The USDA-reported U.S. average All-Milk price, the standard measure of milk prices received by U.S. dairy farmers, achieved three consecutive record highs this year in March, April, and May, of $25.90 per hundredweight (cwt.), $27.10 per cwt., and $27.30 per cwt., respectively. Under normal circumstances, such high milk prices would quickly stimulate increased milk production and consequently lower prices. But in this year’s dairy economy, cost inflation and supply chain disruptions have affected virtually all inputs needed to milk cows, so production has remained constrained and prices have escalated, at the farm, wholesale, and now retail level.
Looking at retail
Retail price inflation, which has generally not been a problem in dairy, has risen sharply in recent months and is becoming an important factor to watch in its effects on consumer demand. During the seven years from December 2014 to December 2021, the Consumer Price Index (CPI) for all dairy and related products, with the monthly average during 1982 to 1984 being equal to 100, barely budged from 228.7 to 234.6. Over the same period, the CPI for all food and beverages increased from 245.8 to 286, and the CPI for all items rose from 236.3 to 280.1, with the same basis of 100.
But just five months later, the May dairy CPI had shot up to 258.3, boosting most individual dairy products into the double-digit percentage range of annual inflation, while the food and beverage and overall annual inflation rates have still remained below 10%.
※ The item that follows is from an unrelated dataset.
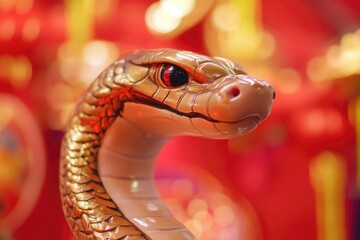 Poster - A close-up shot of a statue of a snake with intricate details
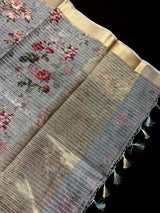 Grey Kora in Checks Pattern saree in banarasi kora organza silk with checks pattern with silver zari & digital floral — Kaash Collection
Given all this, the U.S. dairy industry will get a rare chance this year to see just how “inelastic,” or insensitive to prices, domestic dairy consumption really is. It will also get the chance to see just how high prices have to go to spur a production response. In sum, 2022 is shaping up to be yet another “unprecedented” year in dairy – and one that, despite the record revenues coming in, may have many in the industry wishing that a merely “precedented” dairy economy may soon return.